PETRAEUS: Well, as you know, John, the president and President Bush before him have set in motion orders for troops that will more than double the number that were on the ground at the beginning of the year. We’ll get those on the ground. We’ll take a lot of effort with infrastructure, logistics and so forth, start employing those in the months that lie ahead. They’ll all be on the ground by the end of the summer and the early fall.
And along the way we’ll be doing the assessments. And among those assessments, of course, will be the kinds of questions about force levels, about additional civilians and other resources as well.
KING: General McKiernan, your commander on the ground, had been up-front that he needed even more troops. Why did the president say no?

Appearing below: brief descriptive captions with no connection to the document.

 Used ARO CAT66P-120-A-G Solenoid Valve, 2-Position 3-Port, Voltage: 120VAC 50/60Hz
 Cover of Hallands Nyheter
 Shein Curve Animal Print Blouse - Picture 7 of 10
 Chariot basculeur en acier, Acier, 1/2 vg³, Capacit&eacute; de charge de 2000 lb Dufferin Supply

Mullen, like Secretary of Defense Robert Gates last week, framed the US mission in Afghanistan as one against Osama bin Laden’s boys: “We cannot accept that al-Qaida leadership which continues to plan against us every single day — and I mean us, here in America — to have that safe haven in Pakistan nor could resume one in Afghanistan.” That outlook seems to miss the point that the actual US military confrontation is with Afghan insurgent groups such as the Taliban and that the political challenge has nothing to do with Al Qa’eda.

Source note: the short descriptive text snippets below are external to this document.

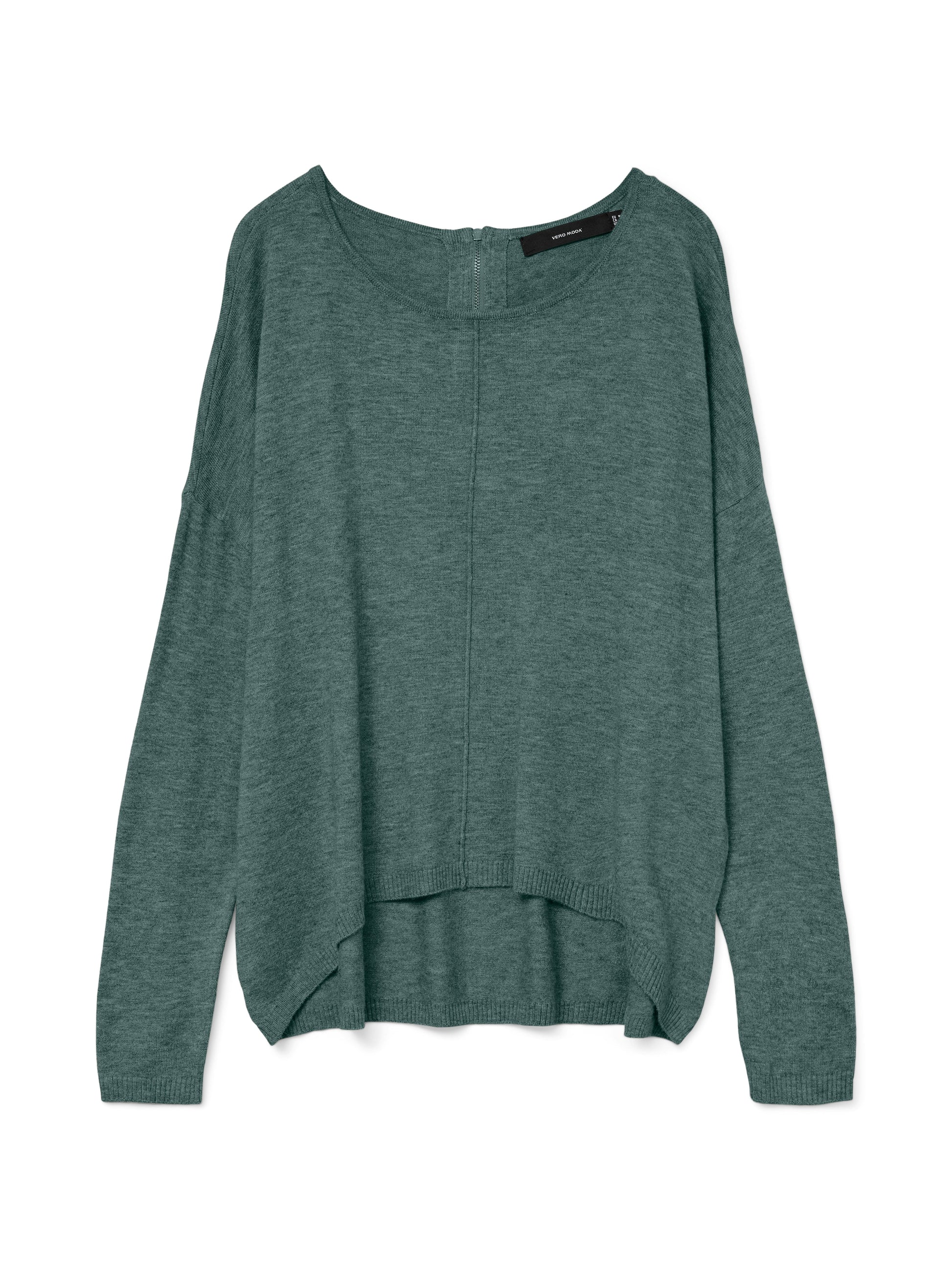 Breeze Zip Blouse | Balsam Green Shirts & Tops Vero Moda 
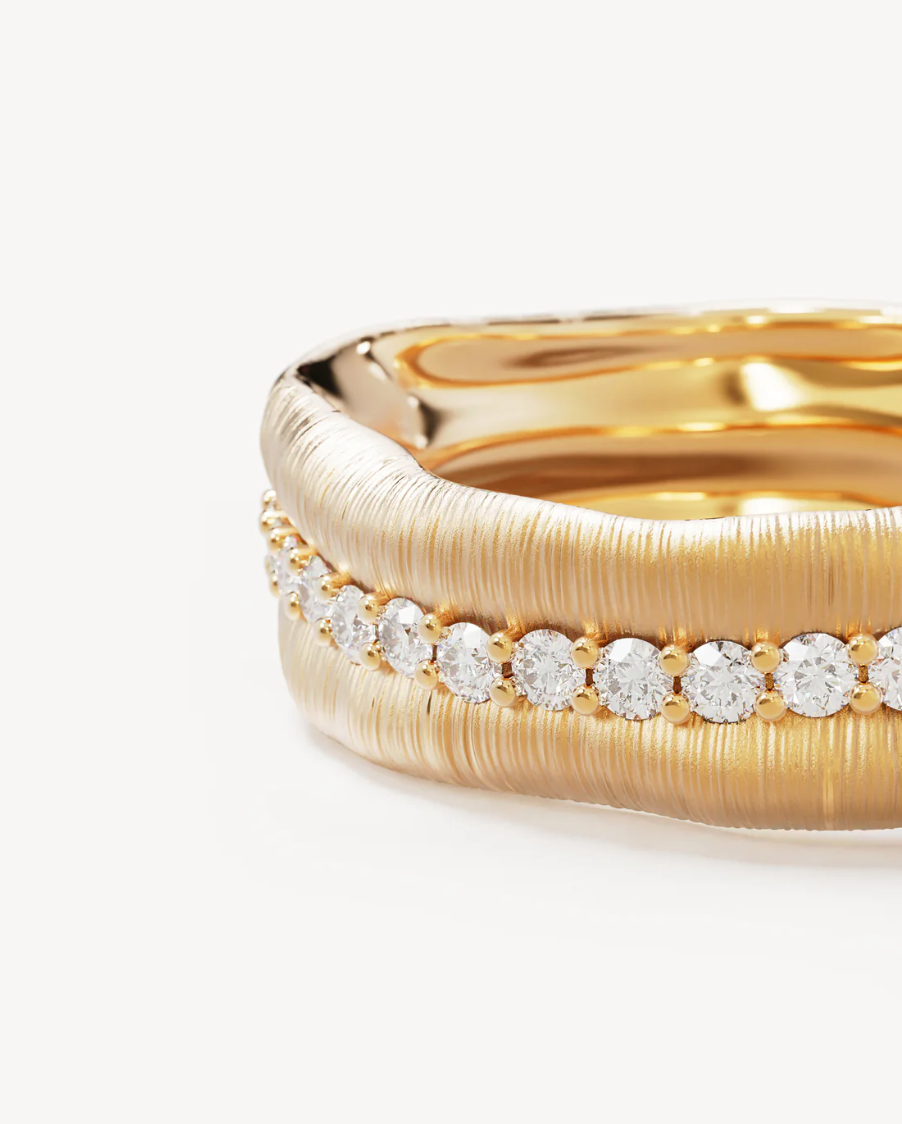 By Charlotte | Begin Again Band Ring - 18k Gold Vermeil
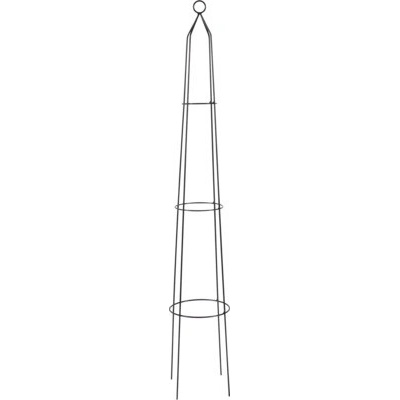 Opěra na rostliny Levin 120 cm černá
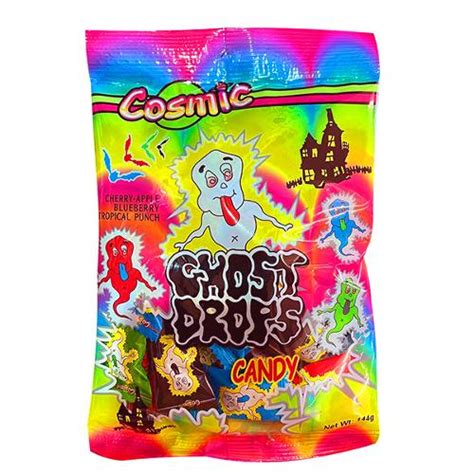 Cosmic Ghost Drops Candy Multi Flavour Bag 144g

The second error in Mullen’s thinking is even more egregious. US involvement in Afghanistan will not repeat the Vietnam disaster because “we are not an occupying force”. He might not think so, but his opinion isn’t the important one here.
As Juan Cole points out, the US denied that it was an “occupying force” in Vietnam. But, in Vietnam and in Afghanistan, how do you think most of the local people regarded their American visitors?